The energy sector is second only to agriculture as the biggest contributor of these anthropogenic methane emissions, and so therefore has a critical role to play in addressing the problem. And tackling emissions from the natural gas value chain will be key for LNG retaining its social licence on the path to net zero. A number of initiatives have emerged to do just that.

The Oil and Gas Methane Partnership (OGMP), led by the UNEP and involving many of the world’s leading oil and gas companies, launched its OGMP2.0 framework in 2020. The framework’s aim is to establish a gold standard for accurately and transparently reporting oil and gas sector methane emissions, and its participants are aiming to cut their emissions by 2030. It has established its own database of empirically verified methane emissions, by collecting and reconciling data from multiple sources, including company reporting, satellite, scientific methane measurement studies and national inventories.

OGMP2.0’s membership has expanded to cover more than 35% of global oil and gas production and over 70% of LNG flow. The incentive for companies to join is that the initiative gives them a credible means of demonstrating to governments and to the general public that they are making progress towards reducing their emissions.

There is also the Methane Guiding Principles (MGP), a voluntary initiative that provides companies with practical tools and guidance to address emissions. The central aims of the initiative are continually reducing emissions, advancing strong performance across the gas supply chain, improving the accuracy of emissions data, advocating for sound policy and regulation and increasing transparency.
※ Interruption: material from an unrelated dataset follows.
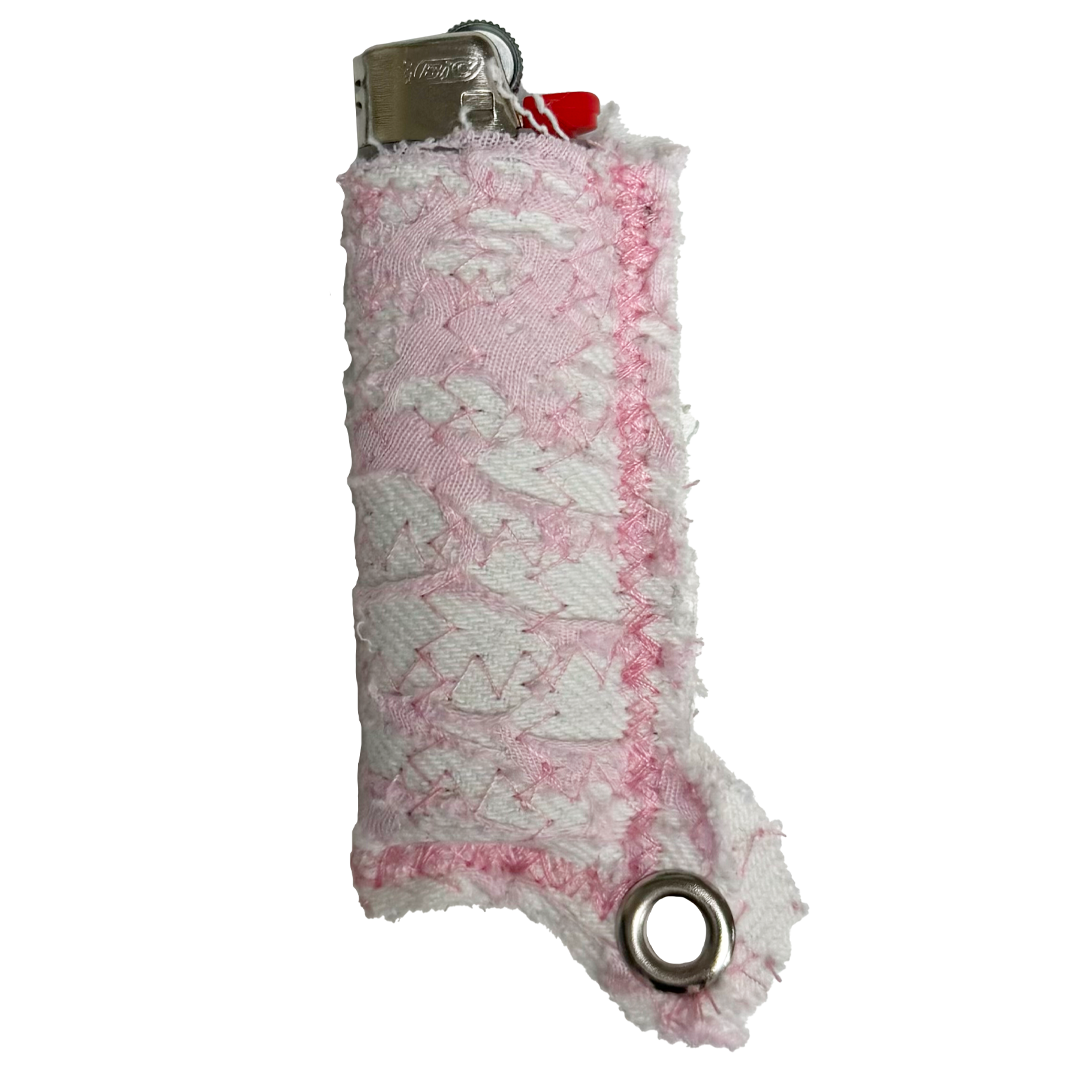 WHITE/PINK LIGHTER COVER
The principles were signed by eight international oil and gas companies in November 2017.

MGP has worked with academics and non-governmental organisations to develop a suite of guidance materials to help organisations develop their own methane action plans, including summaries of the current known mitigations, costs and available technologies, a methane cost model that provides users with a way to screen potential methane reduction projects, a gas assessment tool organisations can use to assess their methane management systems and a global outreach programme involving courses on the importance of methane management and on awareness and know-how on dealing with those emissions.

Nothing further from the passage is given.